L’utilizzo della fotografia è notevole e significativo, con una predominanza di colori freddi e bluastri nelle scene ambientate in West Virginia, dove l’avvelenamento di persone e animali è diventato ormai una terribile realtà che raggela le vite di tutti, e interni con melliflui colori dorati che caratterizzano sia le lussuose feste organizzate dalle aziende chimiche che gli studi degli avvocati. Il contrasto visivo è palese e non ha certo bisogno di ulteriori spiegazioni. Questo solo per sottolineare come un cineasta raffinato, coadiuvato in questo caso dal direttore della fotografia Edward Lachman, sappia utilizzare i mezzi a sua disposizione nella produzione di un senso che va oltre la mera superficie delle immagini.
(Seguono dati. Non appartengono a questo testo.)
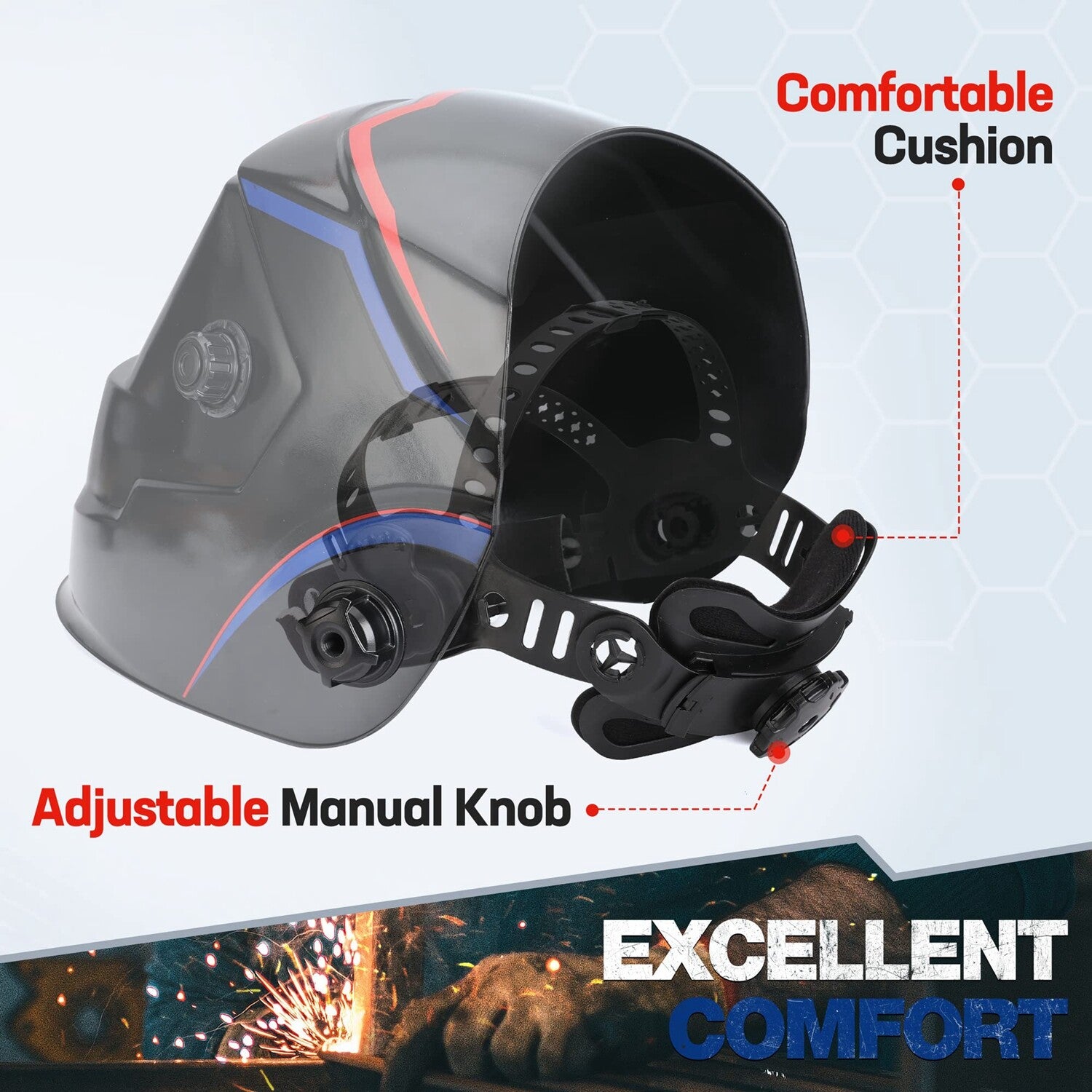 WORKPRO Welding Helmet Shield True Color Auto Darkening 1112 welder mask, durable PP plastic, innovation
Nonostante Dark waters non rappresenti l’apice del cinema di impegno civile americano, Haynes dimostra comunque di saper mettere in atto tutti gli strumenti del caso per rendere conto della vicenda umana e politica di Bob Bilott in un genere apparentemente lontano dai suoi registri narrativi consueti ma che, in realtà, nei conflitti interiori del protagonista schiacciato tra i suoi doveri verso la famiglia e i suoi datori di lavoro da un lato e la sua coscienza dall’altro, richiama quelle lacerazioni dell’anima che ne hanno sempre caratterizzato i personaggi. La visionarietà più estrema di titoli come Velvet Goldmine (1998) e Io non sono qui (2007), in cui Bob Dylan veniva incarnato da sette attori diversi, invece, viene messa da parte per rivivere solo in minor misura, nell’utilizzo creativo della fotografia e nei guizzi di una messa in scena mai banale che ricostruisce efficacemente una vicenda purtroppo reale e, proprio per questo, inquietantemente drammatica. Siamo certi che, dopo la visione del film, nessuno guarderà più alle padelle di casa con lo stesso sguardo distratto di una volta.